The song was a surprise hit, selling nearly a million copies and spawning numerous imitations as well as follow-up records by Tosti and a host of like-minded Latino hipsters. Now, over fifty years later, Tosti’s handful of pachuco singles have been collected together into Pachuco Boogie as part of an ongoing series exploring the Mexican-American musical heritage. Although Arhoolie founder Chris Strachwitz was reportedly resistant to including a set of the rowdy, chaotic pachuco swing into a series dominated by acoustic mariachi and ranchera songs, he was eventually won over by the album’s compiler Chuy Varela, an East Bay radio DJ and cultural historian, and occasional Express contributor. After years of nagging the label head, the insistent jazz aficionado persuaded Strachwitz that the pachuco style was a vital part of the Mexican-American music legacy.

Varela has been a fan of Don Tosti’s work since he first heard the song in the 1980s, when he worked on “La Onda Bajita,” KPFA’s long-lived low-rider show, which concentrates on the doo-wop, soul, and rock oldies favored by California’s Latino cruisers. Speaking by telephone from his office at San Mateo jazz station KCSM, where he now works as the music director, Varela recalls the thrill he felt when he first laid eyes on the Tosti singles. A friend had taken him to prowl through the dusty bins of Jack’s Record Cellar, a tiny San Francisco music shop famous for its huge collection of rare 78 rpm singles.

“We were just digging, and all of a sudden I find this thing that says ‘Pachuco Boogie,’ and also one called ‘El Tirili’ and ‘Guisa Gacha.’ I thought, ‘Wow!’ because this was the language I had grown up hearing when I was a kid. We went over to my friend’s house where he had a 78 set up, and we went crazy.”

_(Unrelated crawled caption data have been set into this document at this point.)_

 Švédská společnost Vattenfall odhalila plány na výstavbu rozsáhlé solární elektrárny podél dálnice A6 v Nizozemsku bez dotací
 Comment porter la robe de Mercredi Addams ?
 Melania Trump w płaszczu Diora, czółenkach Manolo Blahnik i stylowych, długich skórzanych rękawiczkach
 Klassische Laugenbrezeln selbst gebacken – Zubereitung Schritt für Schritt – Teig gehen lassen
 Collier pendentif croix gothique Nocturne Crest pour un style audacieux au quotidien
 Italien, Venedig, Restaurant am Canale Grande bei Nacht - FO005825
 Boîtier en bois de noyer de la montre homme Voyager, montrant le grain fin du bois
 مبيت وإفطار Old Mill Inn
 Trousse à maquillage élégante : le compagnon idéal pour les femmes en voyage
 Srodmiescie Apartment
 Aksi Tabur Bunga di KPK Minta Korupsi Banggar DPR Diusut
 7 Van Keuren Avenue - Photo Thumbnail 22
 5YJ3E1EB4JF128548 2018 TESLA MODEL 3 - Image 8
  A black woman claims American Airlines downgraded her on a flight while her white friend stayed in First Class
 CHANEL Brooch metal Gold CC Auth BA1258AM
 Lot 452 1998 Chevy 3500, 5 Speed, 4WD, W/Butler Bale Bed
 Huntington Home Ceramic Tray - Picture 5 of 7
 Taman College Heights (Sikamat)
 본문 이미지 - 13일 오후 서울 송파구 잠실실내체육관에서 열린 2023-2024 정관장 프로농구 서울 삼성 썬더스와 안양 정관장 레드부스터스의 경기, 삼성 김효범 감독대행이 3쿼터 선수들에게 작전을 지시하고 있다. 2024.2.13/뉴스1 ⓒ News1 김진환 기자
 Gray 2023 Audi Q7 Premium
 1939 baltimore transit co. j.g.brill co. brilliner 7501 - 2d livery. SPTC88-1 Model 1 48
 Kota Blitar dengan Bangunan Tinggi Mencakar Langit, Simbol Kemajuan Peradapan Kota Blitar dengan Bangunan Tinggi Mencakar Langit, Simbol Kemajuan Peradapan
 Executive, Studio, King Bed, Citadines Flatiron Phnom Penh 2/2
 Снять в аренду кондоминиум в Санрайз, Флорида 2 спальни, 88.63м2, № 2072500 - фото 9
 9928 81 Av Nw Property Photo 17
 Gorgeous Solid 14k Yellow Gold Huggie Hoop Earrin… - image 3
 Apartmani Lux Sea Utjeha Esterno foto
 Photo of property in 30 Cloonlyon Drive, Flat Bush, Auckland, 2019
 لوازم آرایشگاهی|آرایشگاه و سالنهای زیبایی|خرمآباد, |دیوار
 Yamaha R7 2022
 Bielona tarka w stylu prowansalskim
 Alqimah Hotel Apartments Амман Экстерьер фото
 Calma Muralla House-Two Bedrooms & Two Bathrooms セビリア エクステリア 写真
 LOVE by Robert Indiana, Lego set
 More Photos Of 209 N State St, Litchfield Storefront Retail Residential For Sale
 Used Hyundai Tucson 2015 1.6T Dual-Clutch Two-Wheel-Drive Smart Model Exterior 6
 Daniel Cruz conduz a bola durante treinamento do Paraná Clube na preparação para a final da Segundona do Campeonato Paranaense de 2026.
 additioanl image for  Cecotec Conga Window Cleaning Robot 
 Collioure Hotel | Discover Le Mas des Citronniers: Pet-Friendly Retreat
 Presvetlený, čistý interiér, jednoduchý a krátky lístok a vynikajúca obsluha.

Soon after that, Varela heard Strachwitz, another KPFA DJ, playing other pachuco hits by Lalo Guerrero, an East Coast hipster whose novelty drug song “Marijuana Boogie” is perhaps the most infamous of the pachuco swing tunes (due in no small part to a revival on hippie-era underground radio). For Varela, hearing this music was an epiphany, revealing a bridge between the jazz age and the rock and doo-wop classics that he and his friends were playing on the radio. “All of a sudden I found this connection, this missing link, between Richie Valens and the groups in the ’30s that were putting the acoustic corridos into a modern context,” he says. “I began tracing how Mexican Americans in particular got enamored with African-American popular music, and how the oldies fed into low-rider culture.”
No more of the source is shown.